On Monday, 6 April 2015 at 05:15:43 UTC, Walter Bright wrote:
On 4/5/2015 7:13 PM, Andrei Alexandrescu wrote:
I've spent the better part of yesterday and today debugging a
complex matter
involving pointers, reduced to this:
../dmd/src/dmd -conf= -I../druntime/import -w -dip25 -m64 -O
-release -main
-unittest generated/osx/release/64/libphobos2.a -defaultlib=
-debuglib= -L-lcurl
-run std/experimental/allocator/kernighan_ritchie.d
In this configuration, surprisingly there's no bounds checks
inserted. I need to
explicitly add -boundcheck=on.
Why the change? I've fought tooth and nail for keeping bounds
checking in
release mode and with optimizations on, precisely because I
think it's a check
that's valuable enough to warrant explicit disabling.

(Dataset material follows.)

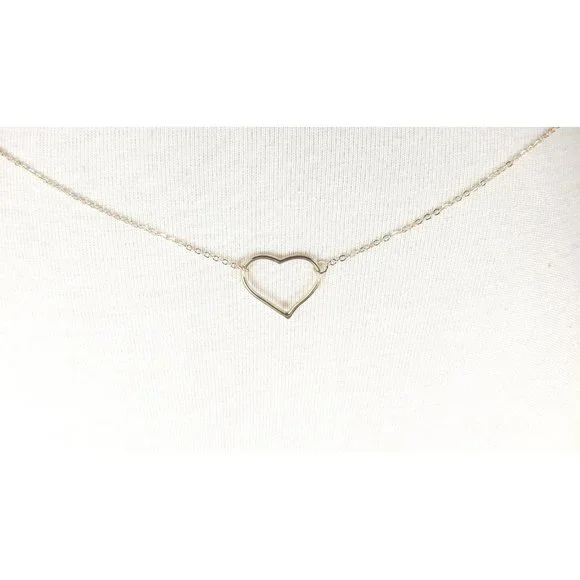 Gold metal heart chain link dainty lightweight skinny belly chain belt - Picture 2 of 5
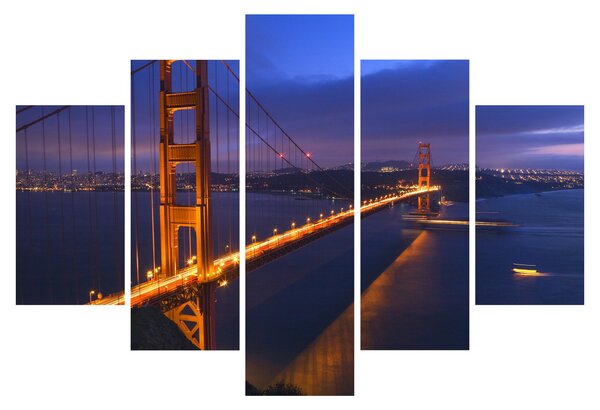 Obraz - Golden Gate Bridge (150x105 cm)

Could someone please explain. This is a shame.
I read the code to figure out what was happening.
At some point, -release was changed so that bounds checking was
turned off for all but @safe code.
You made that change back in 2009.
https://issues.dlang.org/show_bug.cgi?id=3407
-release used to turn off all bounds checking. Andrei wanted it
to stay in safe code at least so you added -noboundscheck to
appease those that wanted it off even in safe code then you made
it do bounds checking by default in safe code even if -release
was specified. There was never an option to turn on bounds
checking for all code in release mode (not until -boundscheck=on
was added). Whenever we'd discuss -noboundcheck on the forums
you'd have 5 people with 5 different ideas about what that option
did. It was very confusing.
A new switch was added, -boundscheck=[on|safeonly|off]. It took
me a while to find it at:
http://dlang.org/dmd-linux.html
because whoever added it didn't realize that the list was
alphabetized and stuck it in there after -map.
Yep, I didn't notice that.
I don't know why the change was made.
Several reasons which I'll reproduce here from bugzilla[1]:
---
1. What -noboundscheck actually does is confusing. Its purpose is
to turn off bounds checking in @safe code (and all other code)
which comes as a surprise to a lot of people. -release turns off
bounds checking in non-@safe code (which also surprises some
people) but leaves it on for @safe code.
2. There is currently no way to turn on bounds checking for
release builds currently.
3. There is currently no way to turn off bounds checking for
non-@safe code without pulling in everything -release does (or
turning off bounds checking for @safe code too).
---
No bounds checking defaults were affected by my change (or
shouldn't have been, if they were it's a bug). What Andrei wants
couldn't be done before this option was added.